Few-shot with SetFit#

A more in-depth overview can be found in our tutorial about SetFit. For now, we will just show a short overview of that tutorial. We have great dataset integration with transformers, json and pandas? Check our Datasets features.

[ ]:
from datasets import load_dataset
from sentence_transformers.losses import CosineSimilarityLoss
from setfit import SetFitModel, SetFitTrainer
import argilla as rg

# load a dataset from the hub
unlabelled = (
    load_dataset("imdb", split="unsupervised").shuffle(seed=42).select(range(100))
)
unlabelled = rg.DatasetForTextClassification.from_datasets(unlabelled)
rg.log(unlabelled, "imdb_unlabelled")

# Go to Argilla and label ca. 8 examples per label.

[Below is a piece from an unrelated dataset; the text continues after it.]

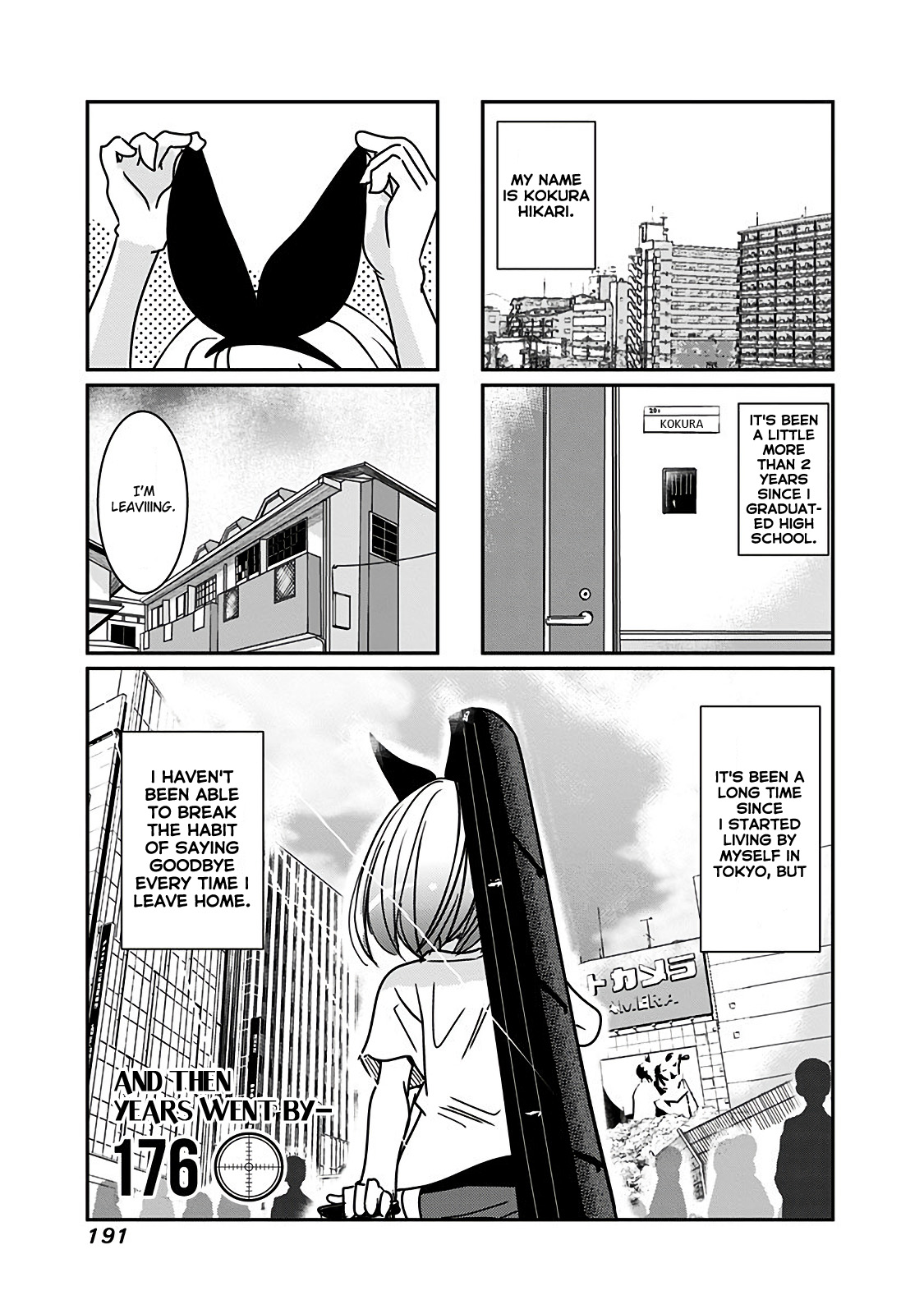 Rifle Is Beautiful Vol.6 Chapter 176: And Then Years Went By- - Picture 1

# Load the handlabelled dataset from Argilla
train_ds = rg.load("imdb_unlabelled").prepare_for_training()
test_ds = load_dataset("imdb", split="test")

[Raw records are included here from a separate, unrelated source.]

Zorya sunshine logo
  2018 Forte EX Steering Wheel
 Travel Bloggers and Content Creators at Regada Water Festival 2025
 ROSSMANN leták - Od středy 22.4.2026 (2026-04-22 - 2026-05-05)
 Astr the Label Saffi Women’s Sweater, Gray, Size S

# Load SetFit model from Hub
model = SetFitModel.from_pretrained("sentence-transformers/paraphrase-mpnet-base-v2")

# Create trainer
trainer = SetFitTrainer(
    model=model,
    train_dataset=train_ds,
    eval_dataset=test_ds,
    loss_class=CosineSimilarityLoss,
    batch_size=16,
    num_iterations=20,  # The number of text pairs to generate
)

# Train and evaluate
trainer.train()
metrics = trainer.evaluate()

# Share the model and data with the world.
train_ds.push_to_hub("setfit-mini-imdb-data")
trainer.push_to_hub("setfit-mini-imdb")

Zero-shot with transformers#

A good collection of zero-shot models can be found on the Hugging Face model page. For this example we will use the most popular one facebook/bart-large-mnli.

[ ]:
import argilla as rg
from transformers import pipeline
from datasets import load_dataset

# load a dataset from the hub
dataset = load_dataset("imdb", split="unsupervised")

# load a model pipeline
nlp = pipeline(
    "zero-shot-classification",
    model="facebook/bart-large-mnli",
    framework="pt",
)

# deploy and monitor your model
nlp = rg.monitor(nlp, dataset="transformers-mini-imdb")
dataset.map(
    lambda example: {"prediction": nlp(example["text"], ["positive", "negative"])}
)

TokenClassification#

Few-shot concise-concepts#

A more elaborate example of the usage of concise-concepts can be found in our blogs.

[ ]:
import spacy
import concise_concepts

# create some testdata
data = {
    "fruit": ["apple", "pear", "orange"],
    "vegetable": ["broccoli", "spinach", "tomato"],
    "meat": ["beef", "pork", "fish"],
}
text = "Heat the oil in a large pan and add the Onion, celery and carrots."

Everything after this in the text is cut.